Relationships don’t come with guarantees. In fact, nothing in life does. But there are some things we can do to try and give our relationship a fighting chance. Even in the best of situations, things still have a habit of going south for no other reason than it just wasn’t meant to be.
Most people do not have the strength, or the will, to end a relationship the moment they notice that the time to do so has come. It usually takes a little time for our minds to get to the point of overriding what our hearts want. While we wait for this to happen, we are usually miserable. It’s especially difficult when we are not convinced that the relationship is hopeless. What we are convinced of, is how bad we want things to change. More specifically, we want our partner, and their behavior to change.
One of the things that dating and relationships teaches us, is that there is no way to change another person. We can make suggestions, set examples, and nag; but it will not change the other person. What it may change is how angry and defensive they become towards us.

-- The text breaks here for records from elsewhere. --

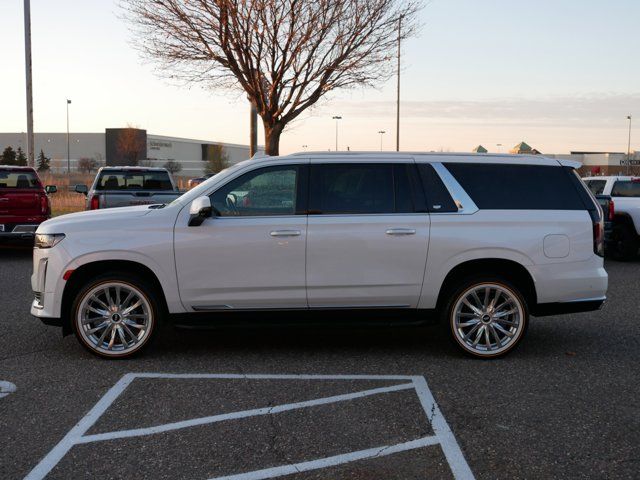 2023 Cadillac Escalade ESV 4WD Premium Luxury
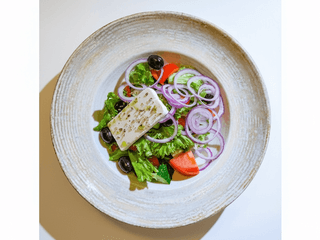 Майже класичний Грецький зі справжнім сиром Фета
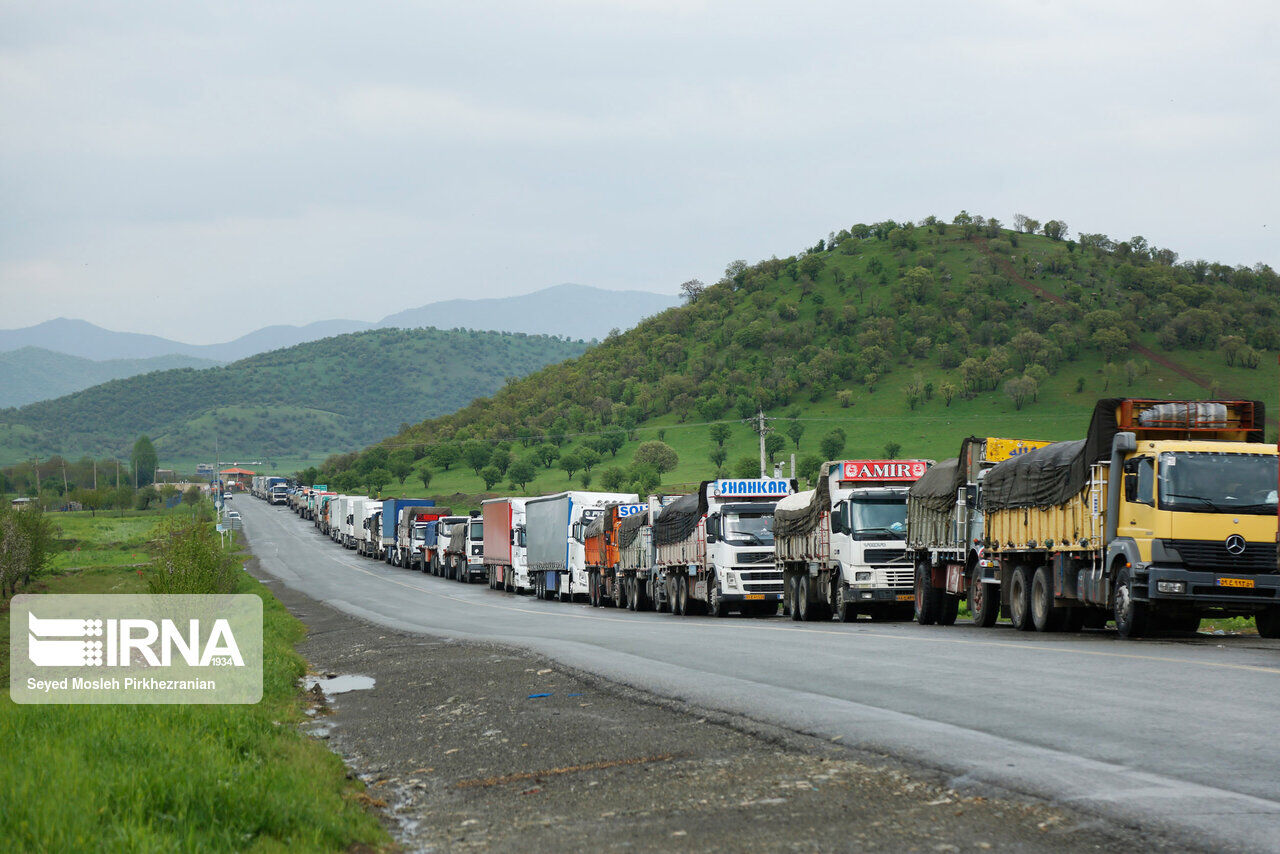 15 komşu ülkeye ilk 6 ayda 8 milyar dolar ihracat gerçekleşti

When things between you and your partner get so bad that every interaction you have with them leaves you feeling angry and frustrated, you know it’s time for a change. One way to ease yourself out of a bad relationship, and at the same time make things better for yourself, would be to change as many things about yourself as you can, while you are still in it
Keeping your mind focused on the part you play in your misery can help you to see that you can do just as much to contribute to your satisfaction. Every time you find yourself thinking; if only they would have a better attitude, or if only they would give you more attention, redirect your thoughts. Instead think about the other places you can go to interact with people who have positive attitudes. Go places where you will get a lot of attention. Stop limiting yourself to only being open and receptive of attention and affection from the one person who will not give it to you.
It’s tempting to keep trying to elicit the reactions you are used to getting from a person, once they stop giving them to you. It almost becomes a competition of the wills. At least, that’s how you see it. They may have other issues that they are obviously putting before your feelings and needs. Remember, you cannot change that. Believe that they do know you are unhappy and not feeling loved. They just don’t see it as being as much of a priority as you do.
It’s possible for you to use this time when they don’t seem to be paying attention, to find yourself, your strength, and your courage, to just walk away. Immediately after you do, you will see that everything will change. And considering the way you were feeling, that is a good thing.